**Data excerpt**.
════════════════════
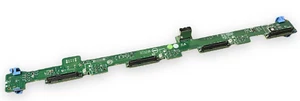 Dell PowerEdge R330 R430 3.5" 4-Bay LFF Hard Drive Backplane Dell P/N: 0820HH - Picture 1 of 5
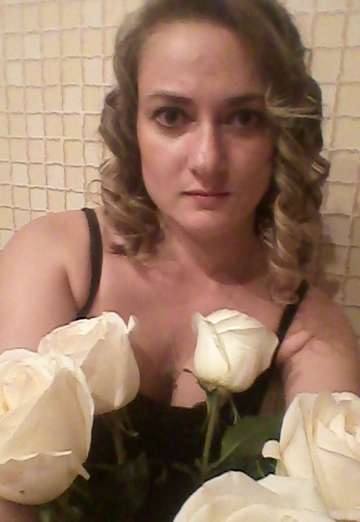 Моя фотография - Юлия, 41 из Красноярск (@uliya142652)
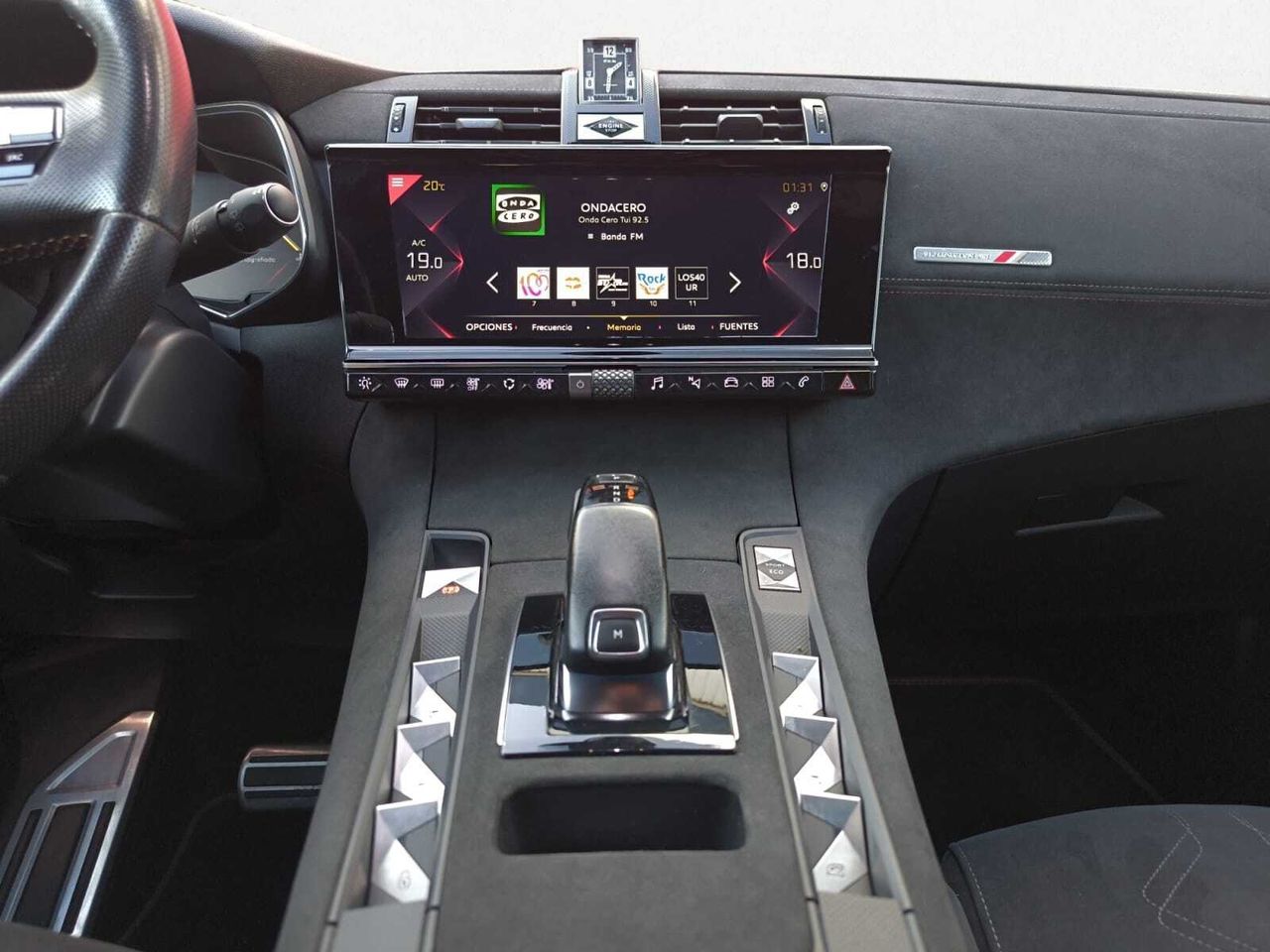 DS DS 7 CROSSBACK PURE TECH 180 CV PERFORMANCE  - Foto 2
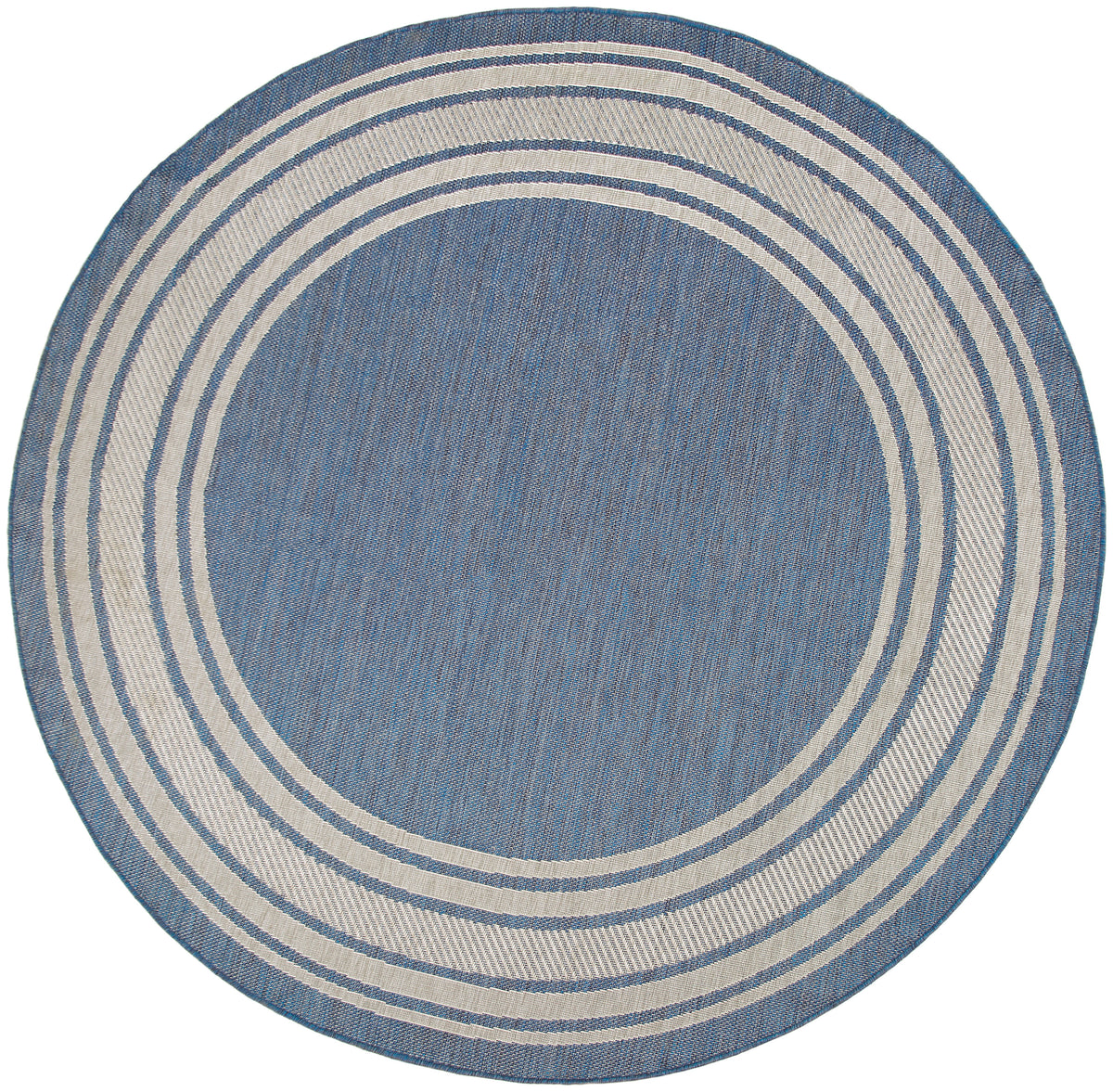Horizon Indoor/Outdoor HOZ03 Denim Rug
════════════════════
Restate the material word for word; no picture should appear in the copy.

 Dell PowerEdge R330 R430 3.5" 4-Bay LFF Hard Drive Backplane Dell P/N: 0820HH - Picture 1 of 5
 Моя фотография - Юлия, 41 из Красноярск (@uliya142652)
 DS DS 7 CROSSBACK PURE TECH 180 CV PERFORMANCE  - Foto 2
Horizon Indoor/Outdoor HOZ03 Denim Rug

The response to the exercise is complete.